---------- COLLECTED MATERIAL ----------

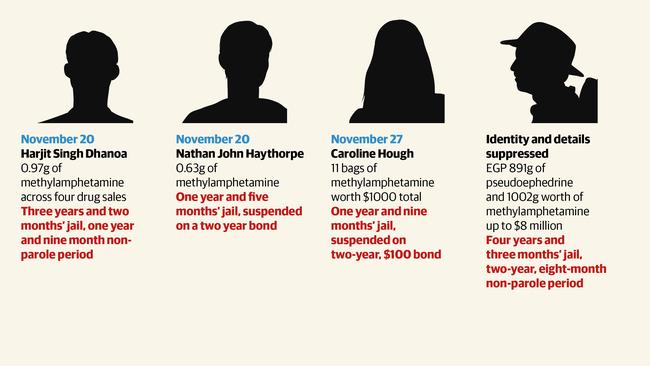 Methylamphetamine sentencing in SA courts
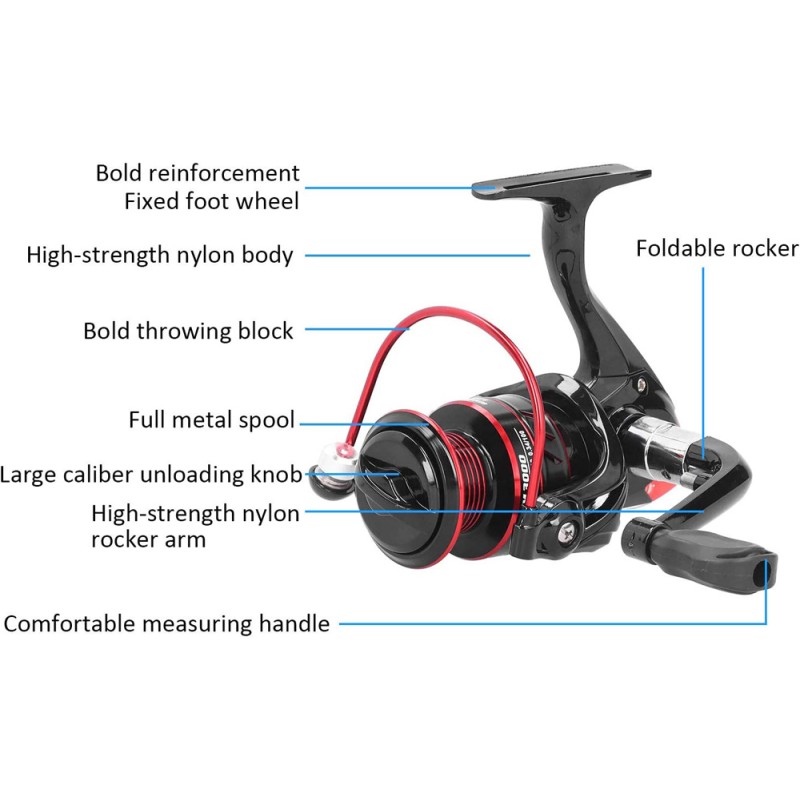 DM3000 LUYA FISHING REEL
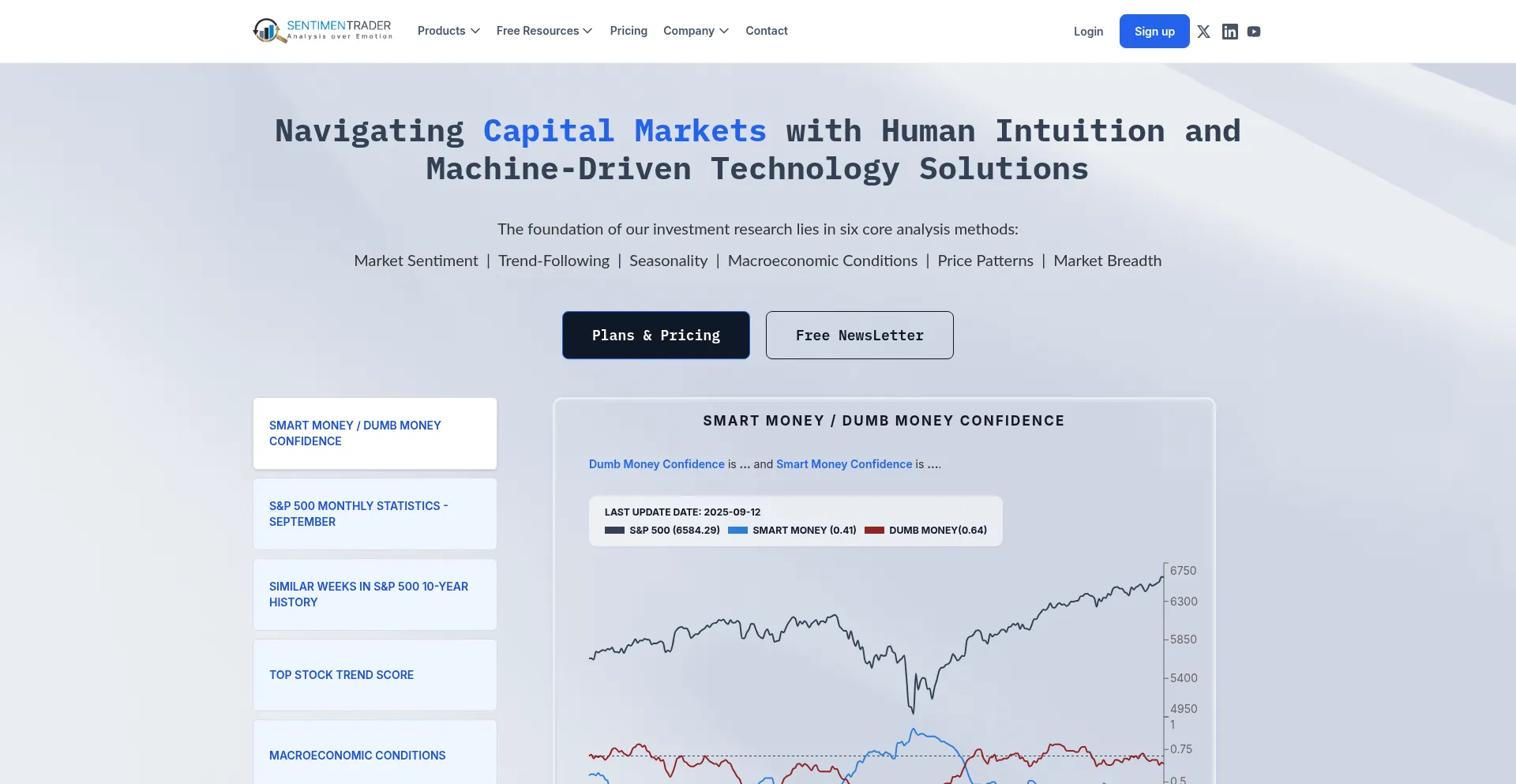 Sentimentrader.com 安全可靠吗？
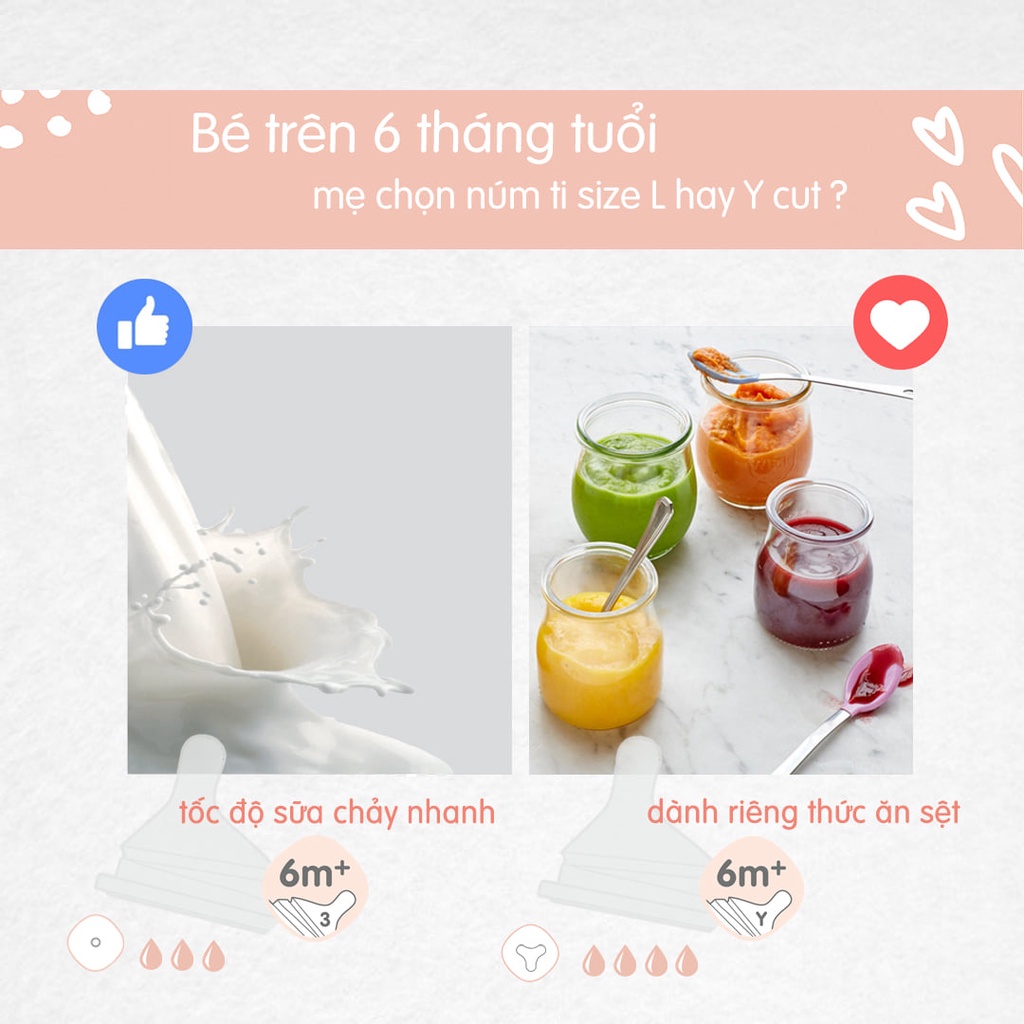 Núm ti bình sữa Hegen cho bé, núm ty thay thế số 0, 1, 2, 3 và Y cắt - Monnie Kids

----------

▸ EXERCISE DESCRIPTION
Exclude the images, then output the data above word for word.

▸ EXERCISE OUTPUT
 Methylamphetamine sentencing in SA courts
 DM3000 LUYA FISHING REEL
 Sentimentrader.com 安全可靠吗？
 Núm ti bình sữa Hegen cho bé, núm ty thay thế số 0, 1, 2, 3 và Y cắt - Monnie Kids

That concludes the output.